Strang on The Declaration and Constitutional Interpretation

Lee J. Strang, University of Toledo College of Law, has posted The Declaration of Independence: No Special Role In Constitutional Interpretation, which appeared in the Harvard Journal of Law and Public Policy 42 (2018): 43-58:
The Declaration of Independence is a beautifully written document; it is a potent symbol of our nation’s birth and founding principles; but it does not and should not play a unique role in constitutional interpretation. Instead, the Declaration is one source, among many, of the Constitution’s original meaning. I make three arguments to support this thesis.

First and theoretically, I argue that mainline originalist theory has no analytical space within it for the Declaration to play a special role in constitutional interpretation. To illustrate this, I describe the most prominent conception of originalism—public meaning originalism. Then, I show that public meaning originalism’s process to ascertain the Constitution’s original meaning treats the Declaration as one source of original meaning, and that its importance as a source therefore depends on the empirical-historical question of whether the original meaning in fact did privilege it.

This leads me to my second main argument, based on history. I make three moves to show that the Declaration did not play a unique interpretive role. First, I describe how the Framers and Ratifiers did not use the Declaration as the unique interpretive key to constitutional interpretation. Second, I show that, because the Declaration was inconsistent with the Constitution’s text, it cannot be the interpretive key to the Constitution.

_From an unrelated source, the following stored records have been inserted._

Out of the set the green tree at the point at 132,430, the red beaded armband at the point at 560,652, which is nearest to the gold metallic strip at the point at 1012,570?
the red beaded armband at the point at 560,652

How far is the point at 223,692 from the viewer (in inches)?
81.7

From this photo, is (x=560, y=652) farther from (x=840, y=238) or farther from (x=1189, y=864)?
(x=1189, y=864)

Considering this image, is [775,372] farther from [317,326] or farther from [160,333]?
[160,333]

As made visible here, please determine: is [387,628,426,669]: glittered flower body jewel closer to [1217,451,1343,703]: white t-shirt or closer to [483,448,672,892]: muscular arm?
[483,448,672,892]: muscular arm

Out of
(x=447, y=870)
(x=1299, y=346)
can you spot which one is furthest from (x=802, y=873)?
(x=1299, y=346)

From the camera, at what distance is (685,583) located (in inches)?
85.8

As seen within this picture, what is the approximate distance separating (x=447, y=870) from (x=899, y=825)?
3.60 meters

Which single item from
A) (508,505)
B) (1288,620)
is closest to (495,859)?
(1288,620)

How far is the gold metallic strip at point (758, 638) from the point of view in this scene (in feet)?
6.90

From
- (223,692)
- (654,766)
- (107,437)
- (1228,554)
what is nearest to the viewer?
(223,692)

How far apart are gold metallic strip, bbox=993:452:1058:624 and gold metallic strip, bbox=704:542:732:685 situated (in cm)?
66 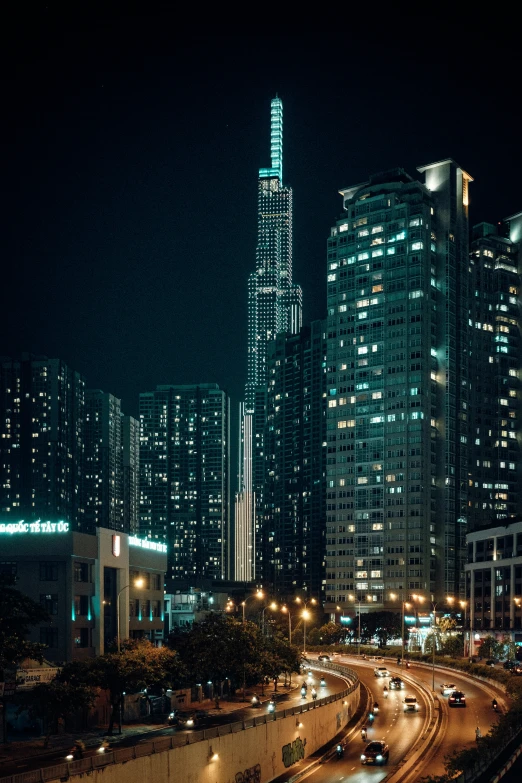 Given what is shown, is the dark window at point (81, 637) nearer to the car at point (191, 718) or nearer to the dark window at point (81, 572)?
the dark window at point (81, 572)

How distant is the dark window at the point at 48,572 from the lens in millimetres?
124188

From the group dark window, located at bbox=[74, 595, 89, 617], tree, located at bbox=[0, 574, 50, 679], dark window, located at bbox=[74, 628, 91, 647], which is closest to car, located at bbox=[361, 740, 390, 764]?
tree, located at bbox=[0, 574, 50, 679]

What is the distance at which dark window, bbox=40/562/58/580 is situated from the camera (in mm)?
124188

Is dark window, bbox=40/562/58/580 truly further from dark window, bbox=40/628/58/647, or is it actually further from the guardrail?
the guardrail

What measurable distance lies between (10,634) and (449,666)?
82764mm

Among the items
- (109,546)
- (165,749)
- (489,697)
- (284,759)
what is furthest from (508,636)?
(165,749)

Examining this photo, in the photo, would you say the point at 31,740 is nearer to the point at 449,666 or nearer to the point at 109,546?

Third, I explain that it was only after the Founding, during times of moral crisis, that Americans in various social movements turned to the Declaration to support their out-of-the-mainstream constitutional interpretations. This phenomenon shows that appeals to the Declaration are motived by a desire for political and social change extrinsic to the Constitution.

Third and jurisprudentially, I show that our current constitutional practice does not recognize the Declaration as playing a unique role in constitutional interpretation. I focus on the Constitution’s text, current legal practice, and Supreme Court practice.